Some people on the forums are all about WHO IS RIGHT/WHO IS WRONG...not about HOW CAN WE MAKE OUR BUDS BETTER as it should be.
 

Piff Rhys Jones

🌴 Hugging Trees 🌴
Veteran
And how it starts is that the stuff you grow isn’t as good as some of the bud you smoked somewhere else, so you start to find a solutions and ways to improve the stuff you have to smoke yourself.

This is why i started to make changes, is it the same reason for you, Piff? I just bet it is. hah-hah



Some people on the forums are all about WHO IS RIGHT/WHO IS WRONG...not about HOW CAN WE MAKE OUR BUDS BETTER as it should be.
Exactly.

After many years of trial and error in the real world, not arguing on the internet, it was established that everyone preferred to smoke the flowers from plants that had faded the most, and there was a connection with the ash color. These well faded plants combusted to a flakey white ash and tasted great, didn’t need relighting, could be inhaled deeply without any harshness.

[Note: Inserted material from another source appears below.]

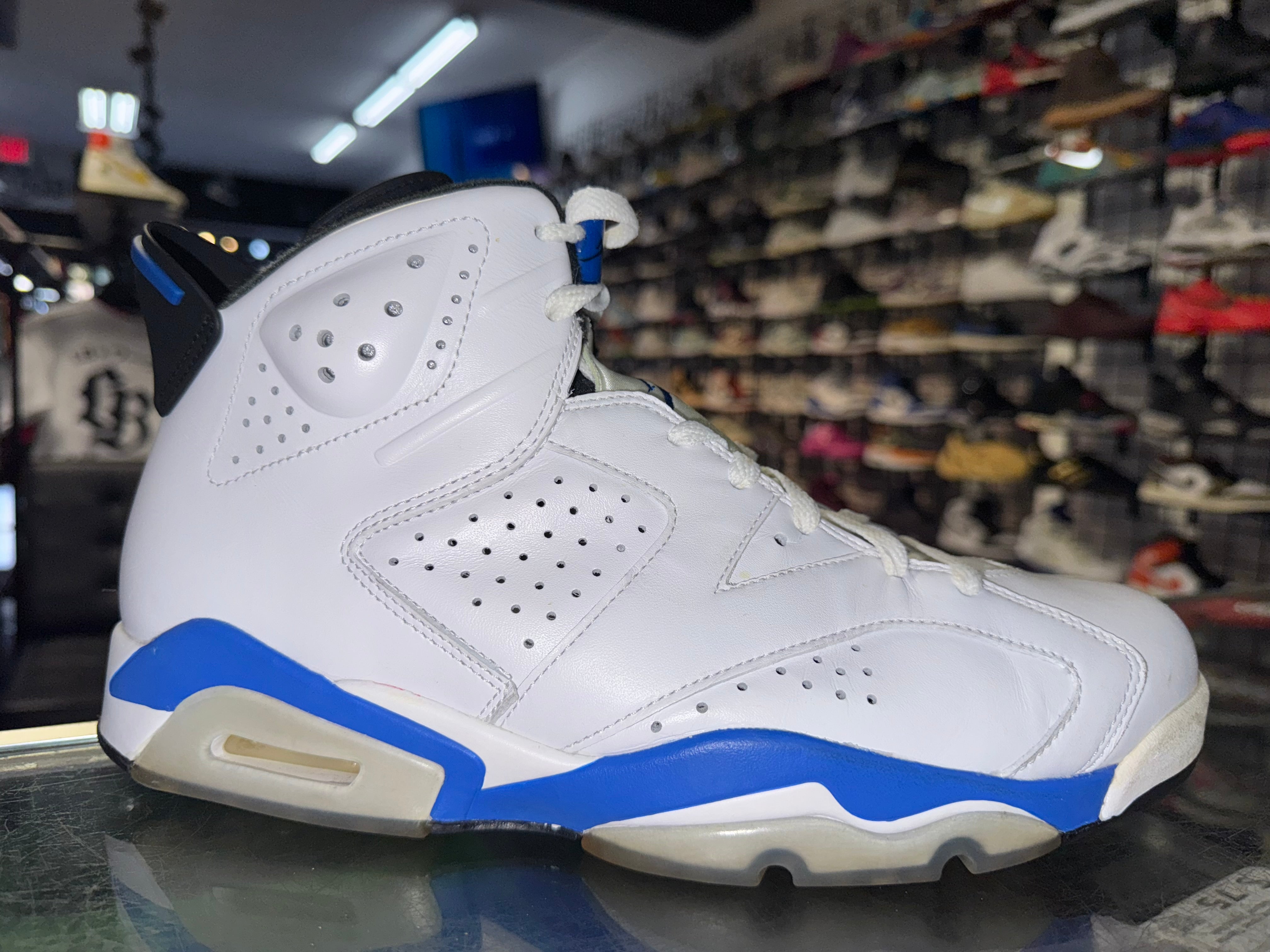 Size 10 Air Jordan 6 "Sport Blue"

Conversely the plants that didn’t fade as a result of being fed more burned worse tasted worse and were not as well received. These results were found consistently over many experiments.

But people on the internet said this wasn’t scientific. So more experiments were done with tissue analysis. The tissues containing less minerals burned cleaner. But still this wasn’t scientific enough because a nutrient company posted a study saying cannabinoids and terps were not affected by ‘flushing’. Which is a completely nonsensical thing to study. What they should have studied is ‘Does nutrition content of cannabis affect the combustability of the dried flower?’

Why do you think the longer cigars are aged, the whiter the ash color? Why do you think black ash is an undesirable trait in cigar quality? Because it does indeed affect the enjoyment of the smoke, regardless of whether or not the plant received optimum nutrition.

Peace
 

Hiddenjems

Well-known member
You’re getting it wrong.



Yes plants eat less nearing the end. It’s what i wrote earlier. But when the plant is slowing down the nutrient up take it is also slowing down of how much it is using it. so if it was given food till the very end, the plant never started to use the food reserves stored in it’s system before it was cut down.

In the end of the plants flowering cycle (last 2 weeks before harvest) the yellowing is also slowing down meaning it’s not using the reserves in it’s system very fast anymore.

So STARVING plants is not the same thing what you describe. Do a side by side and you’ll notice a difference.



I have spent years testing this in soil and different nutrient mixtures. A decade +. I know how it works.

I don’t need to read scientific studies writen by some 25 year old american pot university internet wannabe that some icmagger found somewhere. i don’t need to know your uneducated pot-forum consensus about it.

If i see improvement in the smoking quality when i’m doing it my way over here, then you should also get better smoking weed at your end. I’m not a hydro grower but plants grown in soil and coco need STARVING before the chop or the smoke is going to be rough based on the plants i have grown myself.



Guys ...Do test grows back home and shut up till you have those test buds in the bowl. How about that? Then you can PM and we’ll have a chat about how it smokes compared to the plant you gave nutrients till the very end.

Have a nice weekend, boys.
You’re wrong.

I’ve grown a n everything from a single bubble bucket to a full sized facility.

At the end of a plants life it stops nute uptake.

It’s obvious you’ve never finished a plant.